I have very little to add to what I said yesterday, but at the outset I should like, lest there should be any misapprehension, to correct what Deputy Dillon said about me—that I myself banned the parade. I did not. I was informed beforehand that the police proposed to ban it for the reasons that I have stated, but anyone listening to Deputy Dillon would certainly gather that we were out against those men honouring their dead. As I pointed out yesterday, they got greater facilities this year than in past years in the matter of processions. They were allowed to hold church parades on two Sundays this year as against one day in previous years, and they were allowed to sell poppies on the Dublin streets on two days this year as against one day in other years, and there was no restriction whatever on house-to-house sales. If the police feel that there is likely to be a breach of the peace, they have the right to ban a procession, and that is what they did on this occasion.

I have no more to say. I am not capable of following the line that Deputy Dillon adopted, and there is no necessity to do so. There is no necessity for him or anybody else to tell me that people have the right to honour their dead. I need not be told that. Every decent man or woman everywhere will agree on that, and Deputy Dillon should not try to put me in the position that I was trying to prevent these people honouring their dead. Everybody in this country and, I hope, men everywhere, would be only too glad to see people coming together to honour their dead comrades; and to say that I have tried to prevent people doing that is altogether wrong. Last year, there was no question about this matter. Neither Deputy Dillon nor anybody else raised it. But this year, when extra facilities were given, Deputy Dillon raises the matter. I have no more to say. I am quite satisfied that the Gárda were entitled, from the information they had, to fear that there was danger of a disturbance of the peace, and, in the exercise of the rights the Gárda authorities have, they prohibited that parade.

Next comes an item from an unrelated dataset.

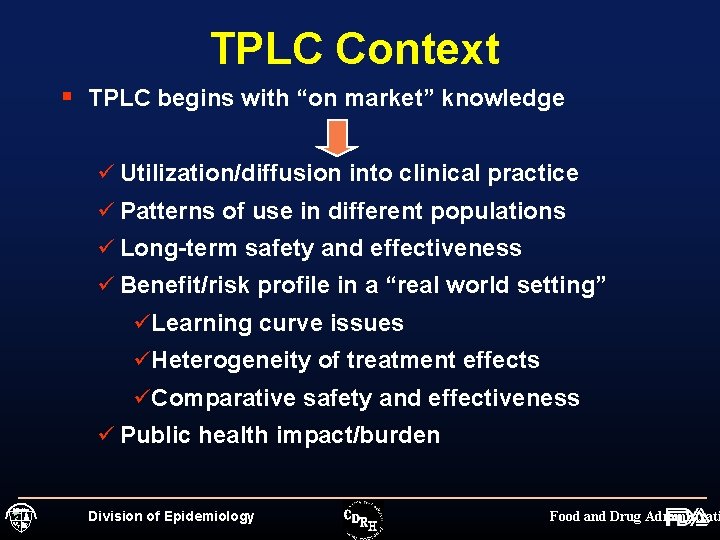 TPLC Context § TPLC begins with “on market” knowledge ü Utilization/diffusion into clinical practice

Would the Minister have allowed them to prohibit a Fianna Fáil parade?

Mr. Boland

If they told me that their services would be over-taxed— that there was danger of a breach of the peace which would over-tax them— I would have to agree. If the Commissioner told me that a procession would be of such a nature as would lead to a serious breach of the peace which it might be difficult to control, why should I prevent him, even if it were a Fianna Fáil parade? We cannot be expected to mobilise the whole Army.

Does the Minister suggest that the resources of this State are unequal to coping with these things?

Mr. Boland

I do not say they are, but I do not think these resources should be mobilised at will. The Gárda have that right and I will not interfere with it.

It is mob rule if the police will not protect the individual.

The Dáil stands adjourned....

Can I ask a question?

The Dáil stands adjourned until Wednesday, 28th November.

The Dáil adjourned at 5.35 p.m. until 3 p.m. on Wednesday, 28th November.